Determining the historical context for the writing of the biblical text is important because it reveals some of the "Presupposition Pool" (T. Venneman's phrase used in Cotterell and Turner 1989:90) shared between the writer and the original intended readers. A thorough presentation of the evidence and arguments is not possible in the framework of this study, but a summary of the major points will indicate the basis for my conclusions.

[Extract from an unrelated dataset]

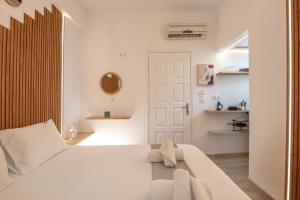 Vincenzo Harmony II- Rethymno old town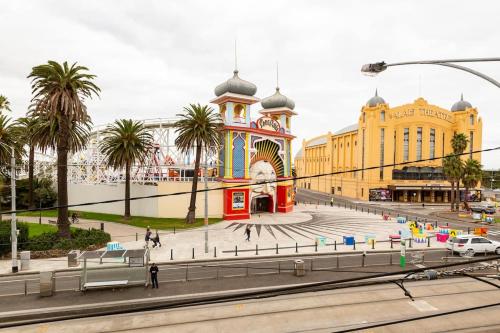 a building with a fountain in the middle of a street at Luxury beachside apartment in Melbourne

First, the scant references to James's epistle by early church fathers is best explained by an early dating of the letter, before the church became more predominantly Gentile and before the Pauline writings overshadowed James's letter in church usage. Second, the very minimal introduction of James's identity in the letter suggests James the Just, brother of Jesus, as the author. Only one James was well known enough after the death of James the brother of John to have written this letter to the scattered Christians without needing further identification. Third, although the letter puts particular emphasis on the law ("the royal law" and "the law that gives freedom"), there is no reference to controversies over Gentiles, circumcision or ceremonial law. None of this was yet an issue prior to the events of Acts 15, which indicates that this letter was likely written prior to that time.
Fourth, the approach to faith and deeds in James has been seen by some as a response to Pauline writings. This assumed context has made James's teaching confusing and troubling to many. However, it can be shown that James is using his terms deeds and righteous in 2:14-26 with a purpose different from Paul's. James is writing about how one is shown to be righteous; Paul writes about how one is declared righteous. James's teaching on this matter becomes far less confusing and more consistent even with the rest of his own letter when it is seen to be not anti-Pauline but pre-Pauline in origin. The conclusion we reach is that the epistle of James was written by James the Just, brother of Jesus, between A.D. 40 and 50, during the early diaspora described in Acts 8:1-4 rather than the later diaspora of A.D. 70.
This conclusion provides us with a narrative setting in Acts 8 by which to discern some of James's purposes in writing. His audience would be primarily people of Jewish upbringing with a fairly recently acquired Christian faith who were experiencing a severe persecution at the hands of their erstwhile leaders in Judaism. They were mourning deeply because of the death of a loved and respected leader, Stephen (Acts 7). Almost all the Christians (except for the apostles such as James) had been driven from their homes in Jerusalem and scattered to other places. Almost all of them had likely lost homes or possessions or normal means of income; they had been separated from relatives and friends. There were abundant circumstances to cause them confusion, fear, loneliness, anger, sorrow, poverty, hardship--in fact, "trials of many kinds" as James acknowledges in 1:2. James's probable purpose in this context is confirmed in the letter: to encourage suffering Christians in the face of hardship and to strengthen them for faithful Christian living.
It would fit this historical setting that James would be writing primarily to poor Christians and that one of his goals would be to instruct and encourage them in the face of hardship at the hands of rich unbelievers. In speaking of "the rich," James would likely have in mind the unbelievers who were using their wealth as power to oppress the very vulnerable Christians.